MBC労働組合は2日に声明を出し「北朝鮮軍事パレードは『地上からICBM(大陸間弾道ミサイル)、空から無人機…』という題目で『(北朝鮮の)大陸間弾道ミサイル火星18型』を紹介し、『軍事パレードの終わりを飾った』などの表現を使った」「一方で韓国の国軍の日街頭行進は『軍事政権の残滓(ざんし)』とおとしめる報道姿勢で非難を受けている」と表明した。これとは別に西海公務員殺害事件直後の2020年10月、MBCニュースデスクは北朝鮮が深夜に開催した軍事パレードを「夜の祝祭」と呼び、当時の金正恩総書記の演説写真に『南の同胞と手を取り合えますように』という字幕を付けて映し出したことも批判を受けている。
■「北朝鮮軍事パレードは住民酷使」…しかしMBCは韓国に対してのみ「軍事政権時代の残滓、血税の浪費」
専門家はMBCの一連の報道について「事実を誤って伝える恐れがある」と指摘する。特に金正恩総書記は大規模軍事パレードの費用を準備するため外貨の調達を指示するなど、住民の財布を奪い人権じゅうりんレベルの搾取を行うことで資金を集めているが、MBCはこのような現状を全く批判しないからだ。ある脱北民は「平壌に住んでいた時、軍事パレードに人民軍の後方物資として下着、靴下、靴の中敷き、食事などを提供し、豆や卵などの現物も支援した」と証言している。昨年米政府系ラジオ「自由アジア放送(RFA)」は現地の状況として「大規模軍事パレードの際に北朝鮮当局は住民に布製の銃のひもを作り提供するよう指示した」と伝えた。

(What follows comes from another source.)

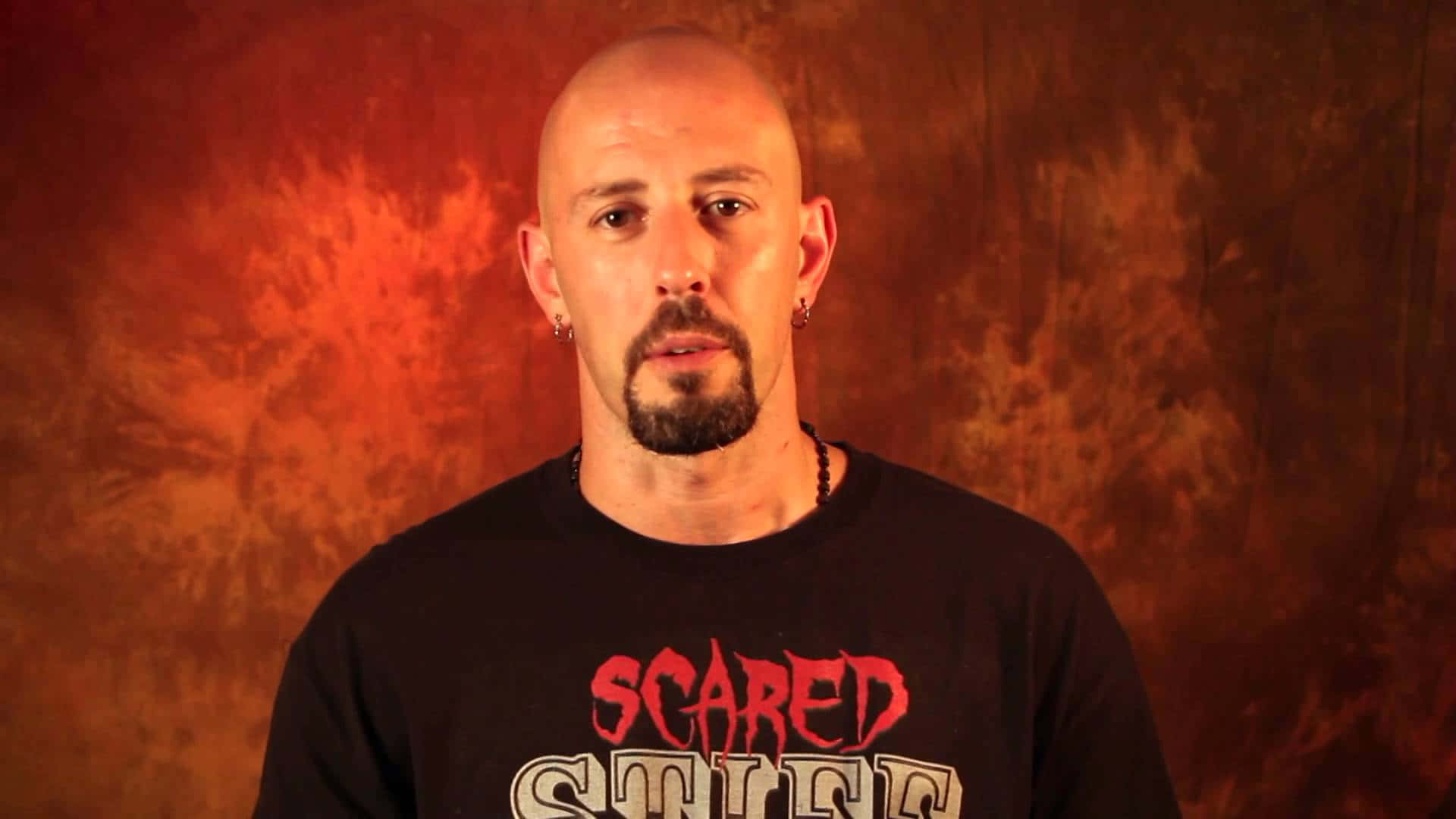 Justin Credible 紅色特寫 壁紙 — 一個光頭、留山羊鬍、戴耳環的男人，在火熱橙色紋理背景前直視鏡頭。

この報道を受け「自動小銃のひもさえ確保できない当局が軍事パレードをなぜ行うのか」などの批判も相次いだ。
韓国軍からは「南北の軍事パレードについて、メディアが同じ観点からではなく、韓国軍だけを侮辱し国格をおとしめている」など不満の声が相次いでいる。ある韓国軍関係者は「記念式の査閲、分列と街頭行進は韓国軍の準備態勢と有事の反撃能力を誇示し、北朝鮮の挑発を抑止する効果もある」「これらの軍事的な意味は全く考慮せず、批判のための批判ばかりしている」と指摘した。
MBCの関係者は「MBCは最近放送映像の共同記者団から一時的に排除され、国軍の記念式と街頭行進をテレビでは中継できなかった」「ただし2年連続で実施された街頭行進に対して軍事政権時代の残滓という指摘と共に、血税の浪費という批判も出ている状況では、国民の資産である電波を使ってまで(街頭行進を)中継すべき事案とは考えていない」とコメントした。